Extensive research has been conducted on fog removal networks, yielding remarkable progress in restoring visibility from degraded images [
5,
6]. Techniques ranging from traditional approaches like the Dark Channel Prior (DCP) [
7] to advanced deep learning methods such as convolutional neural networks (CNNs) and GridNet architectures [
8] have demonstrated substantial improvements in dehazing performance. These studies have collectively contributed to a deeper understanding of image restoration under foggy conditions, achieving impressive results in various scenarios [
9,
10,
11]. However, a significant challenge persists in the domain of fog removal research: the acquisition of paired datasets—images of the same scene captured both with and without fog. For effective training and evaluation of dehazing algorithms, datasets must include both indoor and outdoor scenes with synthetically or naturally induced fog [
12]. In practice, obtaining such paired images is exceedingly difficult due to the variability of environmental conditions and the impracticality of controlling natural fog in real-world settings. Photographing identical scenes under foggy and clear conditions simultaneously is a logistical challenge, often rendering traditional data collection methods insufficient.
To address this limitation, the generation of synthetic fog becomes a pivotal step in advancing fog removal research [
13]. While numerous studies have focused on dehazing [
14,
15], fewer have explored the equally critical task of fog synthesis [
16]. The ability to artificially create fog in a controlled manner enables researchers to simulate diverse foggy conditions, thereby facilitating the development and validation of dehazing algorithms. Existing fog generation techniques include simplistic approaches, such as uniform fog application [
17], as well as more sophisticated methods like dark channel-based synthesis [
7] and distance-aware (depth-based) fog generation [
18]. Although these methods provide a viable means to simulate fog, they often lack the realism and adaptability required to mirror natural fog distributions accurately. Moreover, synthetic fog generated through rudimentary techniques may not adequately challenge the robustness of modern dehazing networks, potentially leading to overfitting or suboptimal performance when applied to real-world foggy scenes.
Among the various approaches to fog synthesis, the development of a dedicated fog generation network emerges as a promising solution [
16]. Unlike traditional methods that rely on heuristic assumptions or physical models, a neural network-based fog generator can learn complex patterns of fog distribution directly from data, producing more realistic and contextually relevant foggy images.

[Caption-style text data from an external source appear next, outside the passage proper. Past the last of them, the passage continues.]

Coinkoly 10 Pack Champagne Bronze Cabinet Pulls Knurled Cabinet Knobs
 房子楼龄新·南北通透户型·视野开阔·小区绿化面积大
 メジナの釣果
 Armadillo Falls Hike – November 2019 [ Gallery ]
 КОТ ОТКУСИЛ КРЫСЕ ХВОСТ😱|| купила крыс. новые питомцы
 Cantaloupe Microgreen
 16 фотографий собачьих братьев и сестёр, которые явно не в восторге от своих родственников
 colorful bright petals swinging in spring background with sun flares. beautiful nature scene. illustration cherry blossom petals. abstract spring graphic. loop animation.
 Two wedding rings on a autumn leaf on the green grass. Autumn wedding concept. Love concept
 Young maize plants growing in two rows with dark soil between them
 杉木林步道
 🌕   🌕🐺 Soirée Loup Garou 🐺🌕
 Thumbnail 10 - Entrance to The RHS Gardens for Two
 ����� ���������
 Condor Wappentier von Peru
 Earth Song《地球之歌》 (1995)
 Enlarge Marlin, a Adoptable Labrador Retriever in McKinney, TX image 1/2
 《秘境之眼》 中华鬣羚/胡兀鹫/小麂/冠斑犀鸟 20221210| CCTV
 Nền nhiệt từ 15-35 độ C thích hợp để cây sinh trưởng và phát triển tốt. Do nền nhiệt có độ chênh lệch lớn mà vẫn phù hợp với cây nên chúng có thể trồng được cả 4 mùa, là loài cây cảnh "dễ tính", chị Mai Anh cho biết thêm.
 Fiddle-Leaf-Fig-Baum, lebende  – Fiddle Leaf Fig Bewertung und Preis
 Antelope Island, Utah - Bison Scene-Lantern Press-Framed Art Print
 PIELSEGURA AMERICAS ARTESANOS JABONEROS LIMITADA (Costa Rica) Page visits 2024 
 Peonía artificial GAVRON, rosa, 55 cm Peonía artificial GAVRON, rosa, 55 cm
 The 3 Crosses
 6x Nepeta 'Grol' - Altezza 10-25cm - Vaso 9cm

A key insight driving this research is that the efficacy of a fog generation network is closely tied to the architecture of the dehazing network it aims to complement [
8]. Specifically, leveraging a high-performing dehazing network as the backbone of the fog generation process ensures that the synthesized fog aligns with the characteristics that advanced dehazing algorithms are designed to address. This symbiotic relationship between fog generation and removal enhances the overall performance of the system, as the generated fog can effectively test and validate the limits of the dehazing network.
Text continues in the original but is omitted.